## Exercise brief
For the records below, print the lines from the line with "Nike Herenschoenen Dunk" through the line with "2- Operating procedure" exactly as written; include both end lines and exclude the rest.

## Records for this task
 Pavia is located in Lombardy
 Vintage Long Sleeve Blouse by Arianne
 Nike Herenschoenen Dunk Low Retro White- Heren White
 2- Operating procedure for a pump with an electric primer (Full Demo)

* * *

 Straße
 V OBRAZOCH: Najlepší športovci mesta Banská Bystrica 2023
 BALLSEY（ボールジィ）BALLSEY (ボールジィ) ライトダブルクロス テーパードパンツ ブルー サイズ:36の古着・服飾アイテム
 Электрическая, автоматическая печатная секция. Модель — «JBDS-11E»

## The completed task
 Nike Herenschoenen Dunk Low Retro White- Heren White
 2- Operating procedure for a pump with an electric primer (Full Demo)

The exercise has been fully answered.